= Problem details =
Everything from the line containing "5420 Fauna Street" through the line containing "Imot.bg � ����������� 12" should be repeated exactly, and nothing else from the data.

= Data excerpts =
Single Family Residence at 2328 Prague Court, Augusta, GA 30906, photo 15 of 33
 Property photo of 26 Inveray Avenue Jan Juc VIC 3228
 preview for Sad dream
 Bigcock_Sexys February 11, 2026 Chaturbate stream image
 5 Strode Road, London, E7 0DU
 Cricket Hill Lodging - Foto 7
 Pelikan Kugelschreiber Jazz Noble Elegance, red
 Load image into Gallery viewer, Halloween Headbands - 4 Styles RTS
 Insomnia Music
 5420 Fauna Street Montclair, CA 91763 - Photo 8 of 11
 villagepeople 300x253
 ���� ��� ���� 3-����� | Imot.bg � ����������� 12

* * *

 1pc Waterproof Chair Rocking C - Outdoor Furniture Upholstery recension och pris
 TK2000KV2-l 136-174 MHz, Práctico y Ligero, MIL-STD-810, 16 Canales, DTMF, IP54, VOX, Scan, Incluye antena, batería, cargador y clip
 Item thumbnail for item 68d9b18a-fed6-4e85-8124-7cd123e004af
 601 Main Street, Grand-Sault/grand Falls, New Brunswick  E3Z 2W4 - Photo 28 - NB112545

= Answer space =
 5420 Fauna Street Montclair, CA 91763 - Photo 8 of 11
 villagepeople 300x253
 ���� ��� ���� 3-����� | Imot.bg � ����������� 12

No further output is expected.